The primary focus of our laboratory over the years has been in deciphering signaling networks that promote cellular transformation and elucidating mechanisms that endow cancer cells the ability to evade execution. Our focus has been on identifying potential bottlenecks or vulnerabilities that cut across a spectrum of human cancers, and therefore our work includes hematopoietic malignancies as well as solid tumors, in particular, breast, colorectal, lung and pancreatic cancer.  To that end, using a variety of model systems such as oncogene-induced proliferation, expression of apoptosis inhibitory proteins, pharmacological inhibition of key cellular metabolic regulators, receptor and chemotherapy-induced death stimuli, and novel small molecule compounds, we provide evidence that cellular redox metabolism critically impacts cell fate decisions.
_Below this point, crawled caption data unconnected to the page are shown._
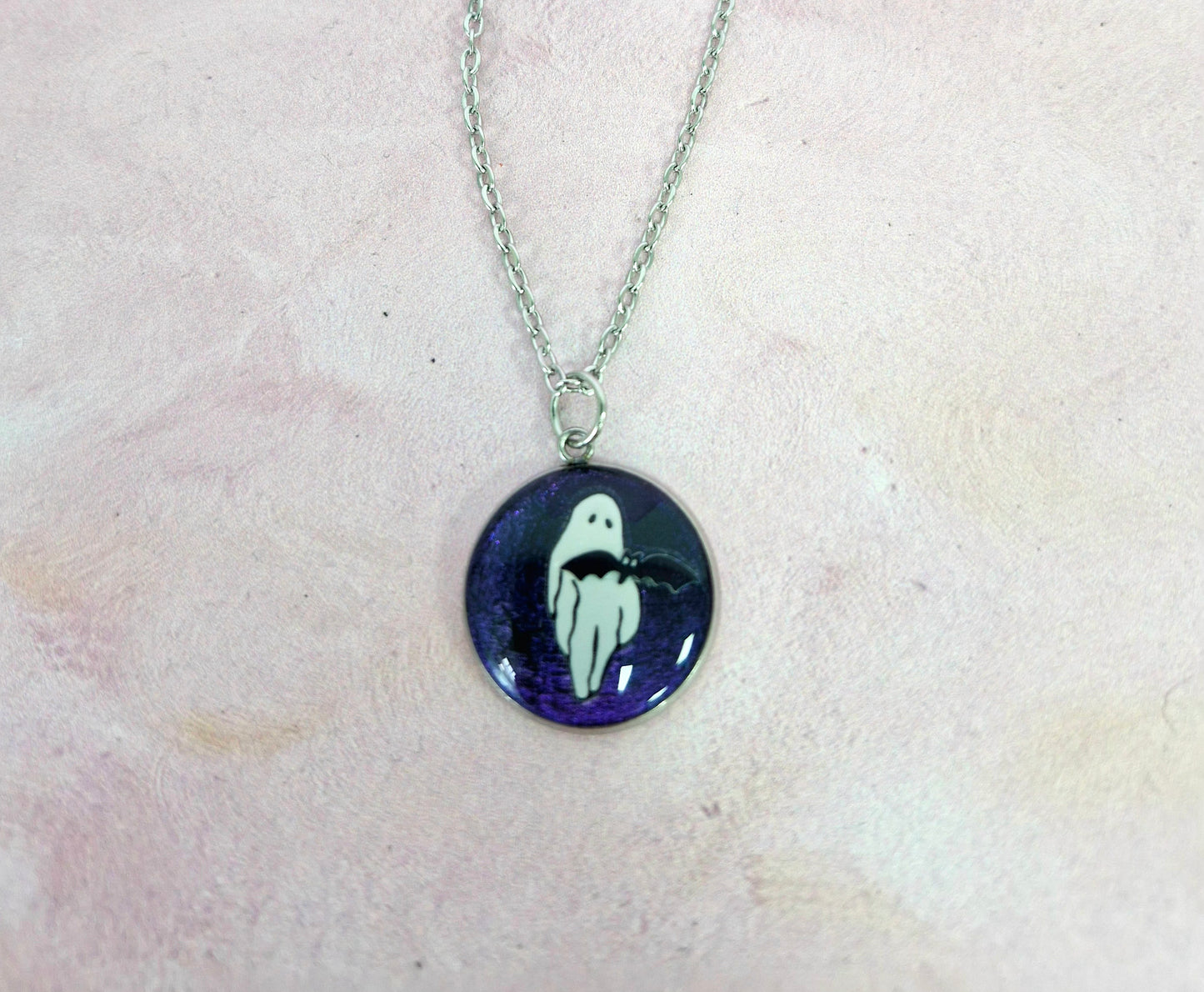 Round Ghost Halloween Necklace (Copy)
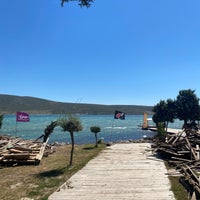 Foto diambil di Alaçatı Surf Paradise Club oleh ahmet İ. pada 5/9/2021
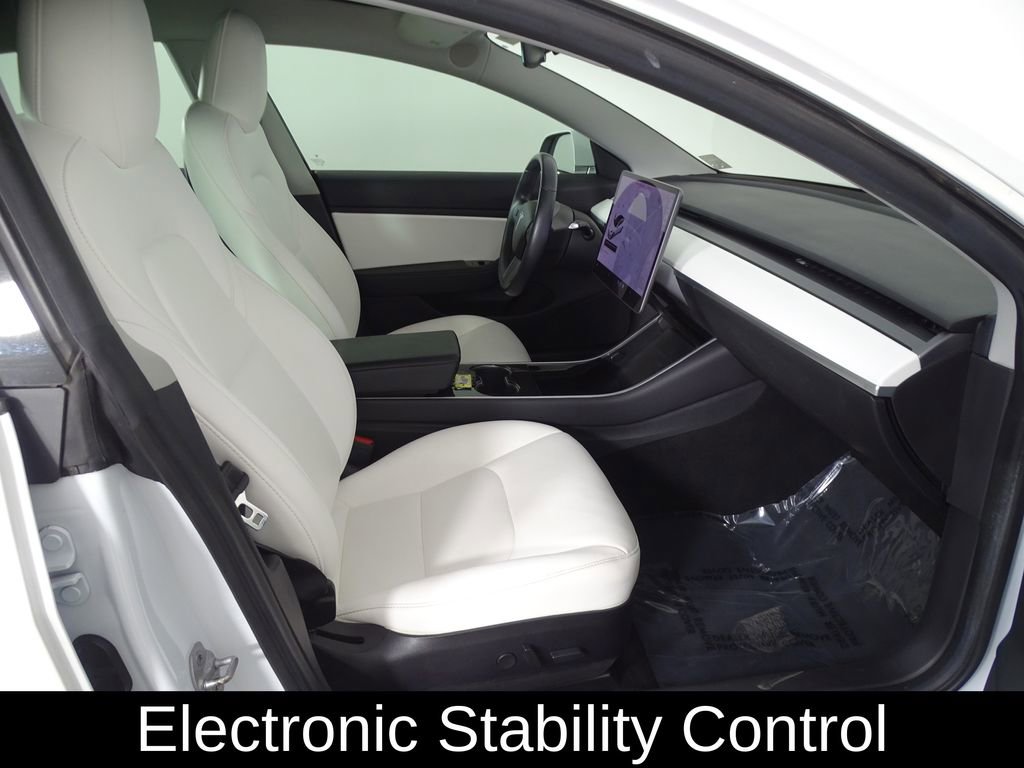 Used 2019 Tesla Model 3 Mid Range image 14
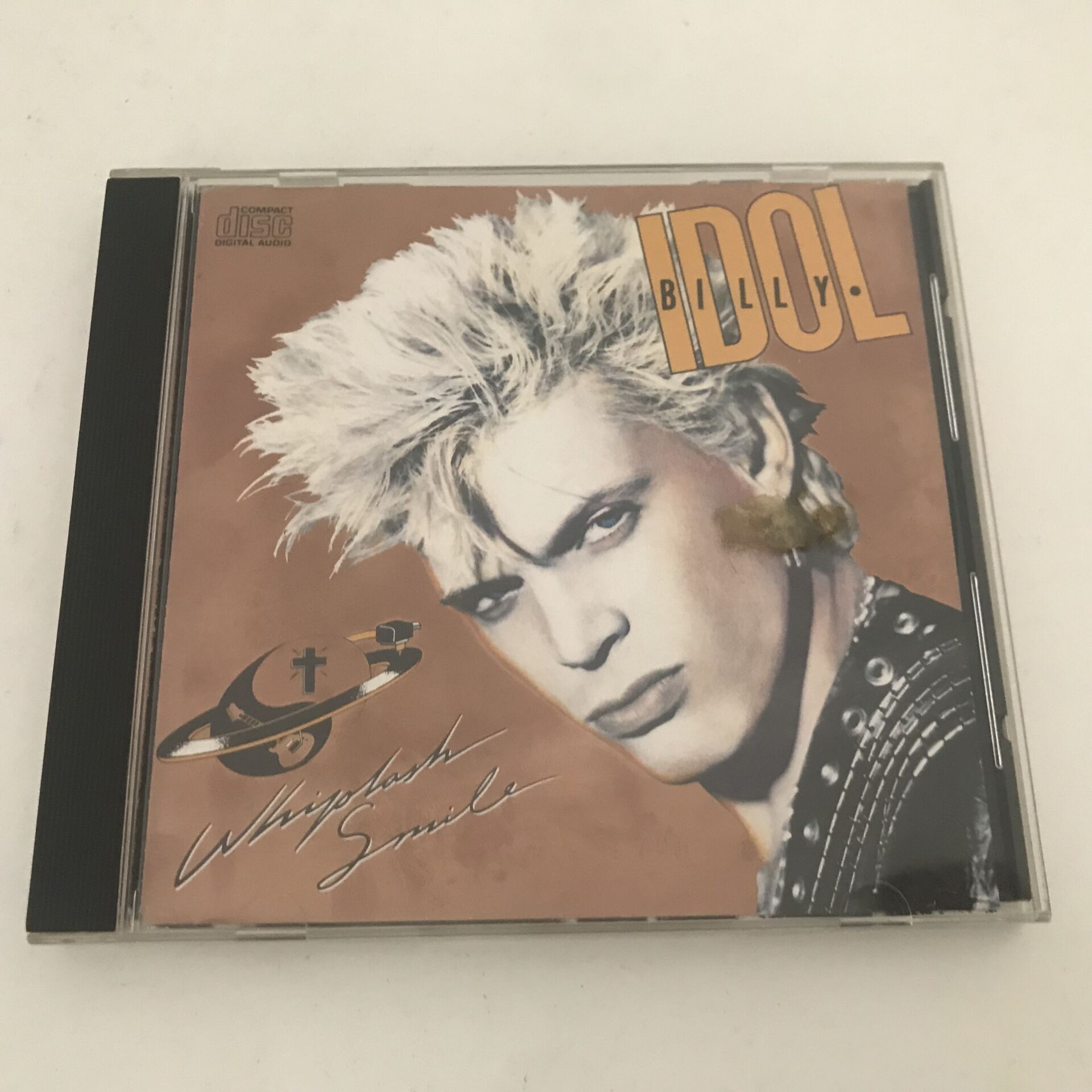 Billy Idol – Whiplash Smile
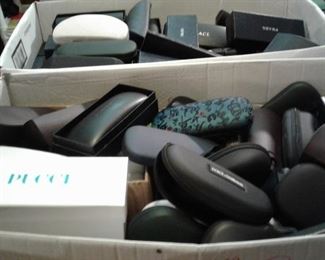 NEW DESIGNER EYEGLASS CASES
DISCOUNTED TO $1.00 EACH
DOLCE & GABBANA
SALVATORE FERRAGAMO
PRADA
XXGAMES
VERSACE
EMELIO PUCCI
TURA AND MORE
$1.00 EACH OR LET'S MAKE A DEAL
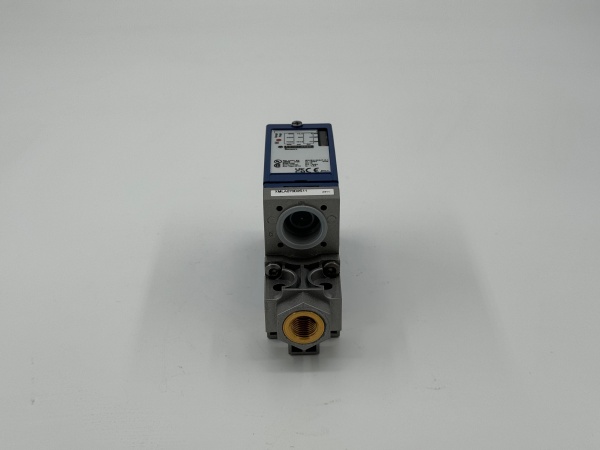87025489 Реле давления Sandvik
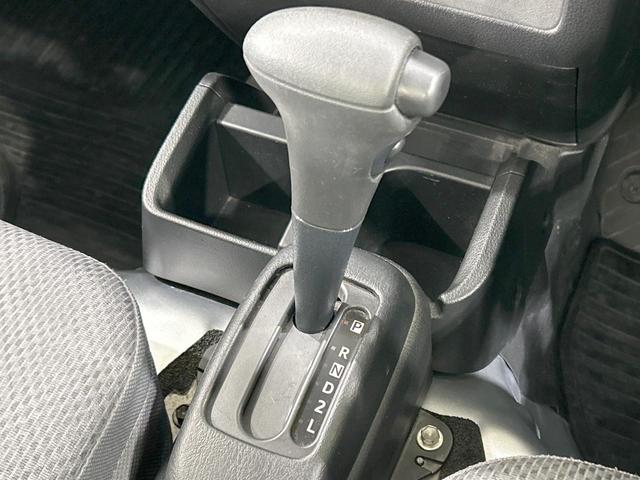 ハイゼットトラック スタンダードＳＡＩＩＩｔ　４ＷＤ　スマートアシスト　禁煙車　車線逸脱防止警報　誤発進抑制制御機能　先行車発進告知機能　盗難防止装置　トラクションコントロール　ＡＭ／ＦＭ　バニティミラー　サンバイザー　パワーステアリング（38枚目）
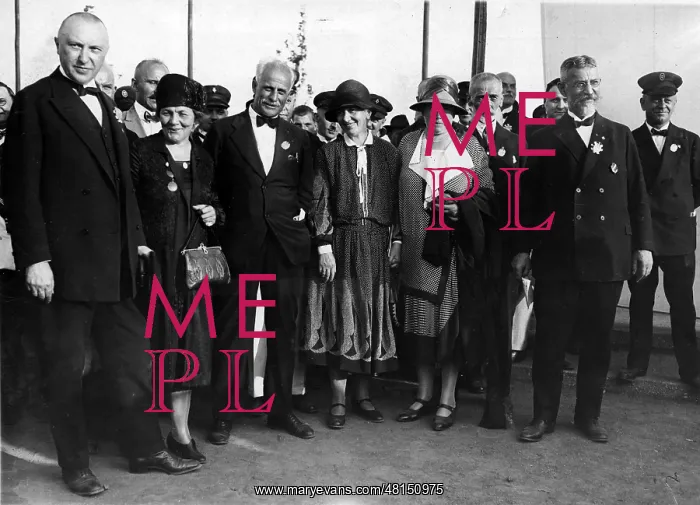 : Dr. Konrad Adenauer : Dr. Konrad Adenauer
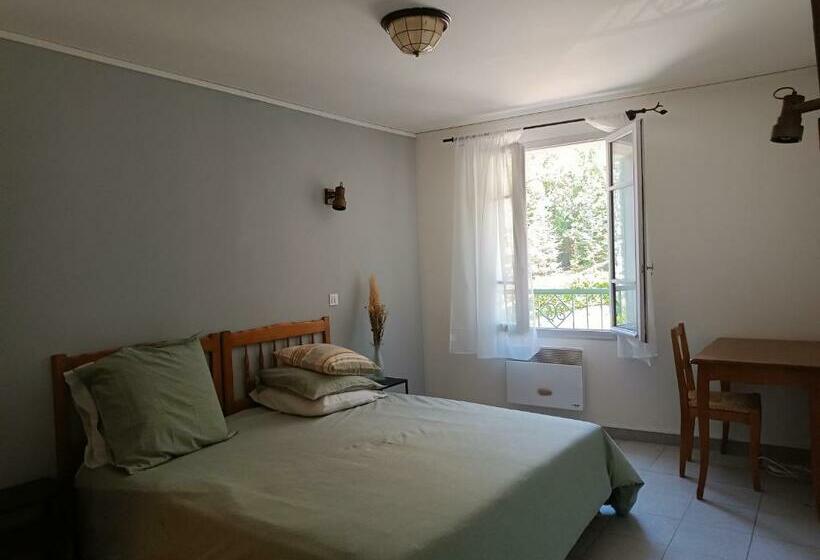 标准间, Auberge De Calendal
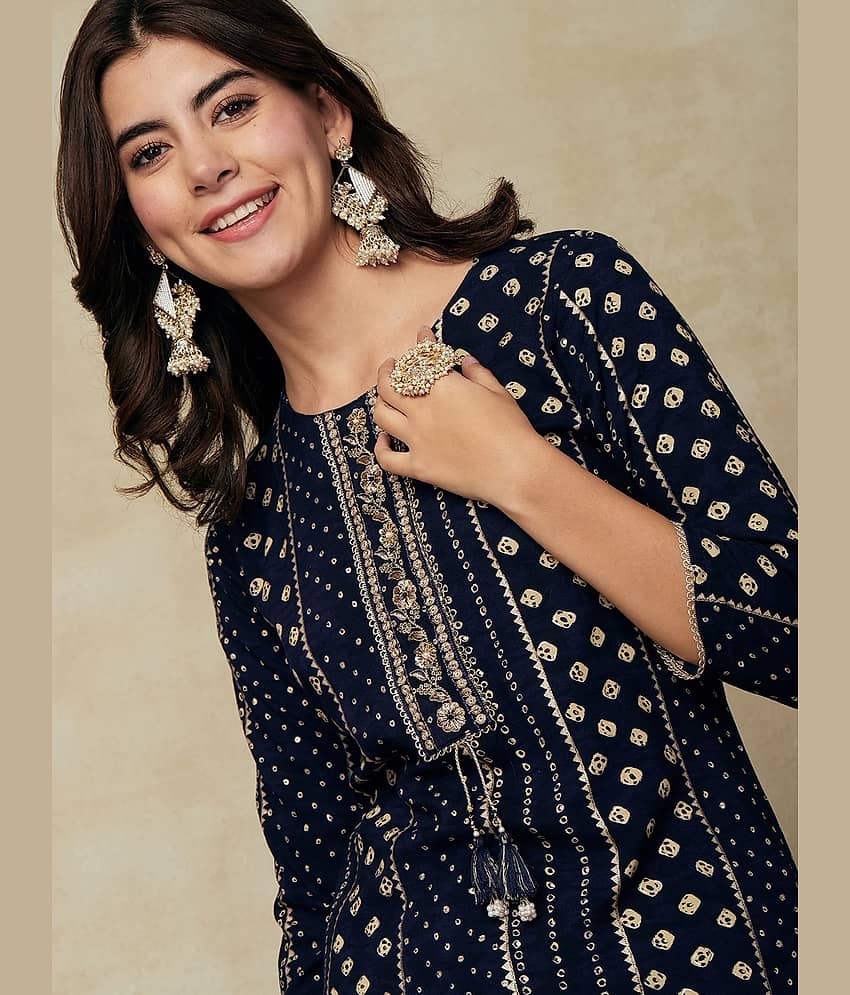 Kapadia Pack of 1 Rayon Printed Straight Women's Kurti - ( Navy ) view 2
Of note, across a wide spectrum of cellular redox stress, there emerges a dichotomy of responses in terms of cell survival/proliferation and cell death.  At the lower end of the scale, cell survival and proliferation is favored, while at the other extreme cell execution is the preferred outcome. How these varied levels of stress evoke disparate biological responses with distinct functional outcome(s) and the signaling networks and potential cellular targets that could be amenable to redox modification(s) are the major focus of our ongoing and future investigations.

Research interests

  • Regulation of Cell Death Signaling in Cancer Cells

  • Reactive Oxygen Species and Cell Fate

  • Bcl-2 Family and Mitochondrial Metabolism

  • Protein Phosphatase PP2A and Cancer

  • Autophagy and Cancer

  • Experimental Therapeutics

The brief summary provides a bird’s eye view of the various signaling networks that are the focus of our research program aimed at understanding the intricate relationship between cellular redox state and the processes of carcinogenesis and chemo-resistance. Our group has expertise in a wide array of state-of-the-art cellular/molecular techniques, and experience in working with a variety of human cancers as well as primary cells derived from clinical biopsies. The program has attracted >$10M in extra-mural funding over the years, trained over 25 graduate students and 17 postdoc fellows, and forged close collaboration with basic scientists, clinicians and industry.